The first thing I found from the Google Sheets documentation is called unique. You give unique a cell range and it conveniently drops all the identically named entries out for you. In fact you can point unique at a different tab and it will fill in the cell range of the tab starting from the point you enter the formula.
I’m not sure that was clear so let me try explaining this again. If you:
- started with a tab filled with hundreds of rows worth of data called Raw Data
- then created a new blank tab and used the =unique in cell A2 to bring in the data from a specific cell range like d2:d200 for instance
This new blank sheet will contain only one actual bit of data in it: the unique function that points to cells d2:d200 entered into cell A2. For example:
But that only gets the data to appear. To filter it for games only you have to give it some specific criteria.
And that is what another function is for, filter. Like UNIQUE, it takes in a cell range but it also requires a condition as a second parameter. In this instance the D column contains my categorization type keywords and I want to only see games from that column D.
Lucky for us we can “nest” function calls. After all UNIQUE doesn’t know or care what happens to the data you pass it before it arrives, as long valid data gets passed in for it to do its thing. So inside UNIQUE will be a use of FILTER along with a cell range and a condition against that column D mentioned earlier:
=unique(filter('Raw Data'!A2:D5,'Raw Data'!D2:D5="Game"))
In case it may not be clear to anyone, let me explain this line bit-by-bit. These functions start from the inner most and work outward: filter comes first and only then does it fall back to unique. Filter is given the name of the tab with the data, called “Raw Data” which is passed the cell range with an exclamation point, as in ‘Raw Data’!D2:D200. Next a condition is passed in, this case a string consisting of the word “Game”.

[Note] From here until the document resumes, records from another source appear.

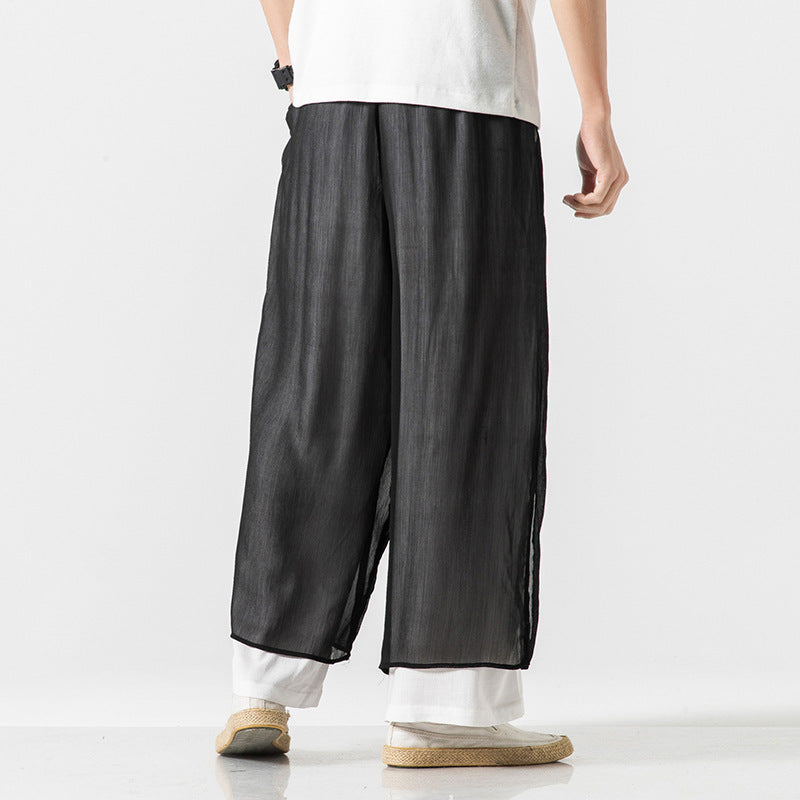 Double-layered Wide-leg Loose Trousers
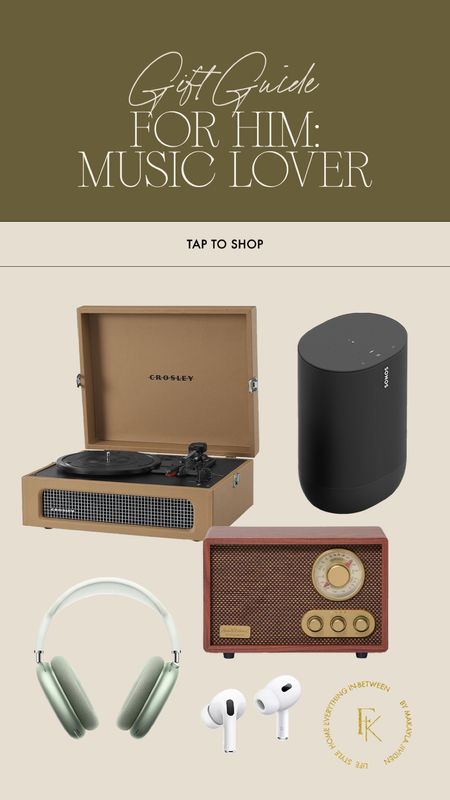 Gift guide: for him, the music lover 🎶 we just picked up this vintage looking speaker and love! All such good gift ideas 🥰

AirPods, record player, vintage speaker, gift ideas for the music lover, speaker, Bluetooth speaker 

#LTKGiftGuide #LTKHoliday #LTKmens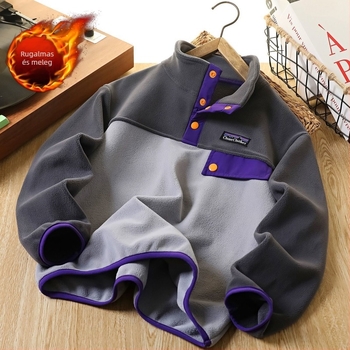 Gyermekeknek dupla oldalas plüss pulóver télire, vastag, álló gallér, 95% nyúl szőr
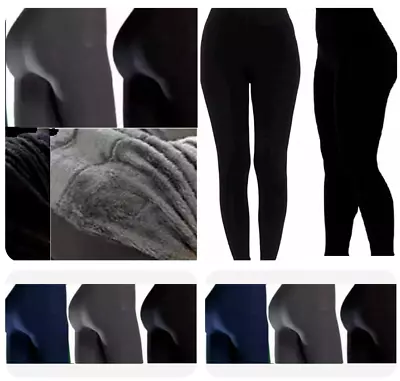 £9.99 • Buy Ladies Leggings Thermal Waist Warm Extra Thick Fleece Fitness Trousers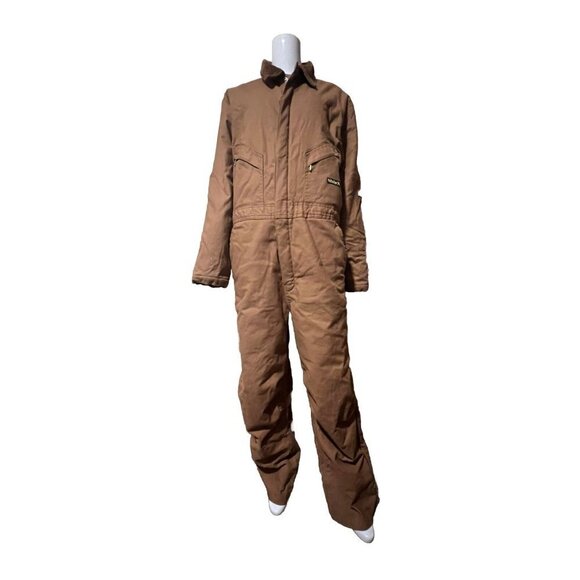 Walls Insulated Duck Overalls Men's Size LR GR Enduro Flex Stretch Canvas Brown - Picture 1 of 15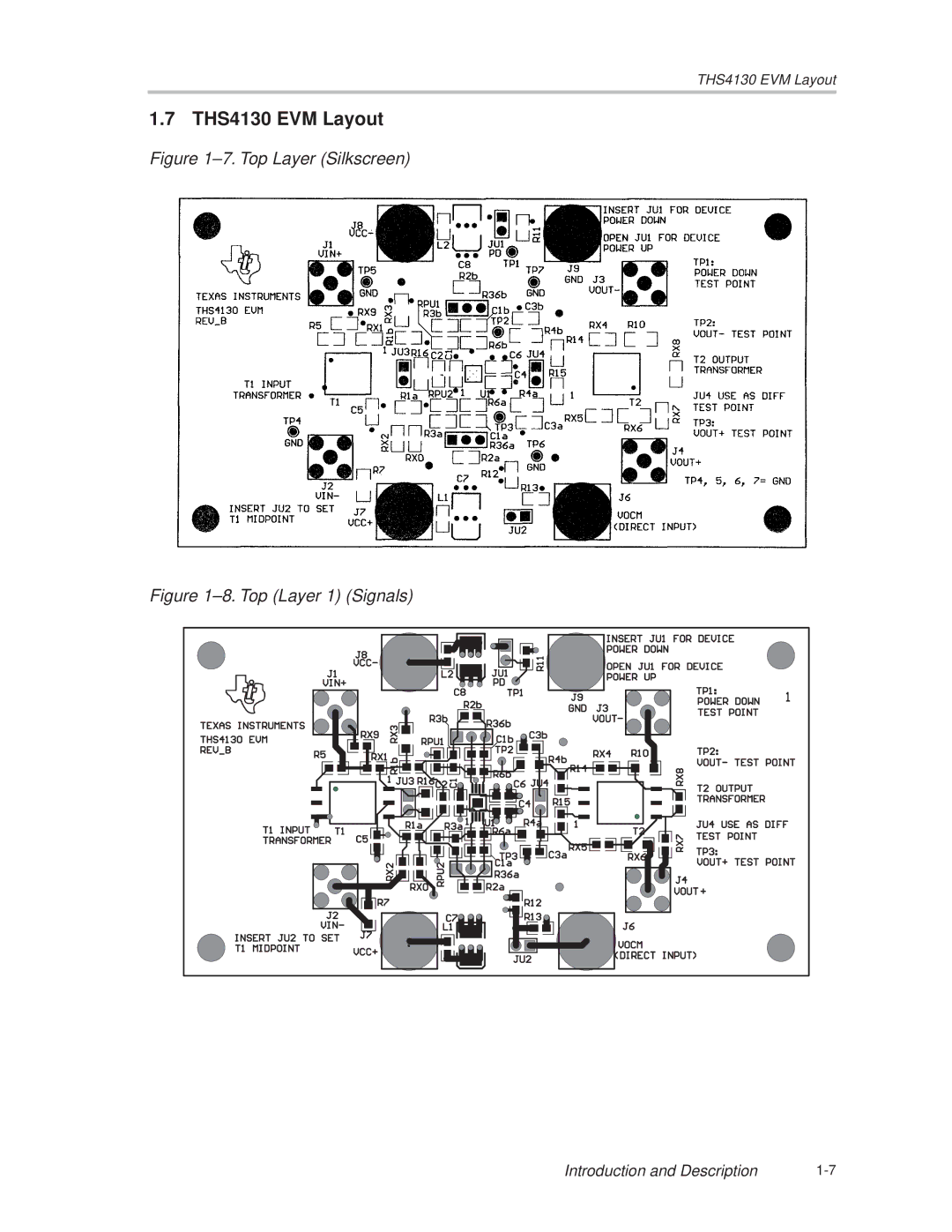 TOA Electronics manual THS4130 EVM Layout, ±7. Top Layer Silkscreen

To bring it all together, we’re bringing in the unique values on the “Raw Data” tab specifically the range D2:D200, and filtering those values based upon the the string Games. I don’t have any idea if I over- or under-explained that.
This is something you can try yourself in Google Sheets by the way with a completely blank Google Sheet: copy somewhere between 1 and all the rows of data on my “Raw Data” tab into the blank sheet and name that tab “Raw Data” (the space matters and I believe it is case sensitive). Then on a new tab (at the bottom) in the same sheet paste in the formula. You can add one function at a time or do the whole thing. I really hope this all made sense.
The above formula might seem a bit confusing since it has that same
line twice next to each other. Well there’s an easy remedy for this: named cell ranges.
All this really does is allow for referencing a defined set of cells by name instead of specifying the actual range.
On my shared spreadsheet I confusingly named my range RawData, and I haven’t bothered to try and rename it. So the range of all my game-related columns, except the column headers, can be referenced as RawData rather than the more cumbersome Raw Data’!A2:P2000.
To name a range on your Raw Data tab, you would select a range of of data, say A2 through P5: the entirety of your actual raw data in other words. Then go the Data menu and select Named Ranges. A settings column will slide out from the right side with the range you selected already filled in for you. In my case I named it RawData like I said, you can use any name you want (and adjust examples below). My columns happen to go all the way to at A2 amd go through P, so to try and future-proof I often span down to row 2000 (the “RawData” named range is A2:P2000, in other words).
So my final, relatively simple formula on this first tab tailored to filter down my Steam game data comes out to:
=UNIQUE(filter(RawData,'Raw Data'!D2:D2000 ="Game"))
This was originally just going to be one post about my Steam library spreadsheet. But now that I have introduce the basics of the why and some of the how I think I’ll split the rest into a part 2.